When Should Software be Sold Pay Per Use?
Part of defining your SaaS business is determining a pricing strategy. Two primary categories of pricing taxonomy in the SaaS space are pay per use (each time a user uses your software, you charge a well known amount. Much like buying beer at the bar) vs. fixed recurring pricing (much like paying for cable television, where you pay some periodic fee for generally unlimited access). As a SaaS ISV, when should you choose one vs the other?

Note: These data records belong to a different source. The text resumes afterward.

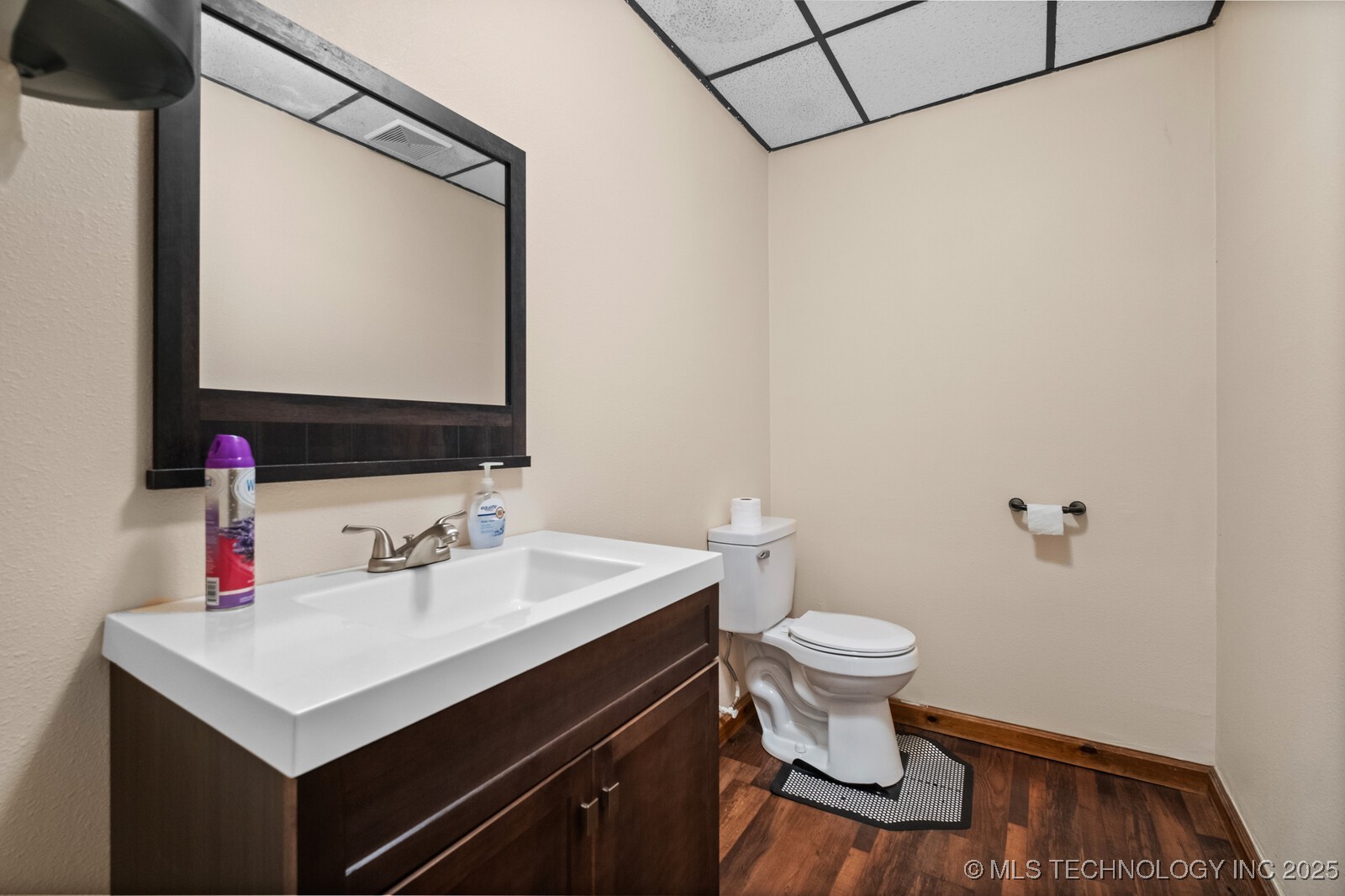 1400 W Locust Street Property Photo 16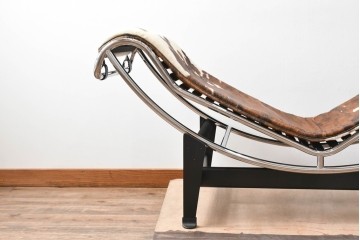 中古　美品!!　イタリア　Cassina(カッシーナ)　Le Corbusier(ル・コルビュジエ)　LC4　洗練された大人の空間を演出するシェーズロング　定価約106万7千円　(R-078130)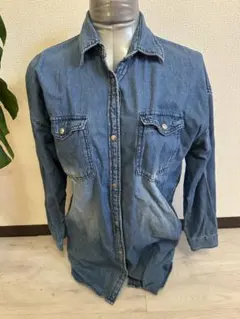 デニムブルー ボタンアップシャツ 長袖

The decision really boils down to understanding value acquisition from the customers perspective. In order to charge on a recurring basis, you need to be able to justify your pricing with a measure of the magnitude of value acquired by your customer along with value acquisition frequency. For example, if you’ve designed a very valuable piece of software that might be used once or twice a month by your customer in their business processes, odds are they would prefer to “pay per drink” rather than a recurring fee since theoretically you should be able to charge less in an absolute sense for that one time used instead of unlimited for a given month (they would generally be willing to pay a premium as long as total cost is lower than recurring fee models). However, if your offering has frequently recurring value acquisition from your customer’s perspective, odds are they’d prefer to pay a fixed fee at some frequency knowing that the firepower is available to them when needed and that cost is fixed but value acquisition has no ceiling.
Clearly, what I’ve described is a trivial rule of thumb. If you’ve ever encountered this decision or have thought about the differences in these models, what other components should be considered? Have you ever offered a SaaS service in one model and then switched, or ended up offering both?